The Los Angeles TImes has written a story about D.C.’s expanding video surveillance network: Washington, D.C., puts itself under surveillance.
From a dimly lit room in a secure command center, 21 streaming video feeds from 4,775 surveillance cameras around the nation’s capital are projected across three screens and monitored at all hours. Every few seconds, footage from a different location pops up — a busy road, a picnic bench, the entrance to the new baseball stadium.
Seven years after the Sept. 11 attacks, Mayor Adrian M. Fenty is trying to set up one of the most comprehensive centrally controlled visual surveillance systems in the world. In the nerve center, which opened last month, the city’s Homeland Security and Emergency Management Agency can monitor video from four city agencies — covering streets, schools, housing projects, parks and roads — for threats and other nefarious activities.

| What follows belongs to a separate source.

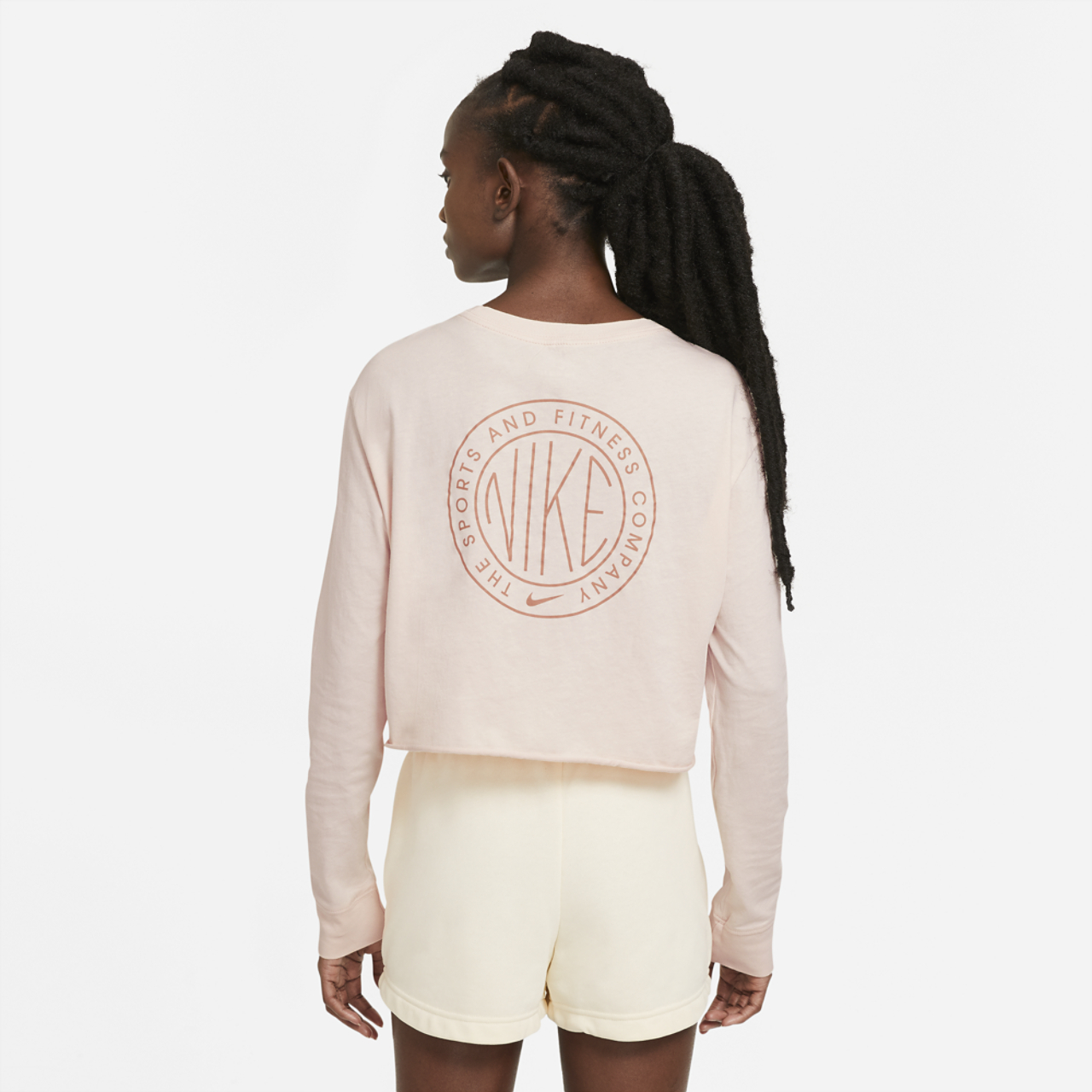 Nike Femme 2 Long Sleeve Cropped T-Shirt Image 2 of 2. Tap to open photo gallery.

However, the regulations to manage this massive surveillance system are not yet complete even though D.C. Homeland Security officials are already using this network. “Darrell L. Darnell, director of the agency that runs the new monitoring center, told the council: ‘All policies are still in draft and awaiting formal legal review.'”
The D.C. Council was not consulted and has raised significant privacy and civil liberty questions. Various advocacy groups have spoken out against the massive surveillance network. I have discussed it extensively and my take on it was summed up in my testimony to the Council earlier this month: “Before the Video Interoperability for Public Safety Program is deployed, the District government must answer the questions that have been raised here today. District residents deserve to know if this program would in fact improve their safety or if it is yet another attempt to slap a Band-Aid on a gushing wound and call the problem solved.”